Nei giorni scorsi abbiamo segnalato, con questa notizia, l'intenzione di Microsoft di abbandonare lo sviluppo di sistemi operativi e applicazioni specifiche per le piattaforme Intel Itanium. Alla base di questa decisione lo sforzo necessario, non giustificato dalla ridotta quota di mercato di questi sistemi.

Microsoft ha quindi indicato che Windows Server 2008 R2 sarà l'ultima versione di proprio sistema operativo dotata di supporto ufficiale alle cpu Intel Itanium. Altri software Microsoft che integreranno supporto a queste cpu sono quelli SQL Server 2008 R2 e Visual Studio 2010.

Non sembra che questa uscita di scena di Microsoft dal panorama dei sistemi Itanium possa in qualche modo rallentare lo sviluppo delle future generazioni di questi processori. Al momento attuale, infatti, i sistemi Itanium su piattaforma Windows rappresentano una quota marginale, circa il 6%, del totale dei sistemi immessi in commercio. La maggior parte dei sistemi Itanium utilizza infatti Unix, in particolare HP-UX.

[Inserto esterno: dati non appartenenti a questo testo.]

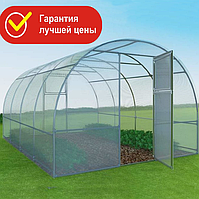 Оцинкований каркас теплиці 2*3*6 м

Intel ha recentemente presentato i processori Xeon della serie 7500, meglio noti anche con il nome di Nehalem-EX; si tratta di cpu della famiglia x86 che abbinano elevati livelli prestazionali a funzionalità specifiche per la stabilità e la continuità del servizio anche con malfunzionamenti ed errori che li candidano all'utilizzo in ambiente enterprise. Questo tipo di sistemi potrebbe in parte andare ad insidiare le soluzioni Itanium, puntando da un lato sulle prestazioni velocistiche e dall'altro proprio sul pacchetto di funzionalità RAS implementate.

La differente base tra processori Xeon 7500 e cpu Itanium potrebbe tuttavia portare ad una chiara segmentazione del mercato delle soluzioni mission critical, con processori Xeon abbinati a piattaforme Windows e quelli Itanium utilizzati in ambiente Unix.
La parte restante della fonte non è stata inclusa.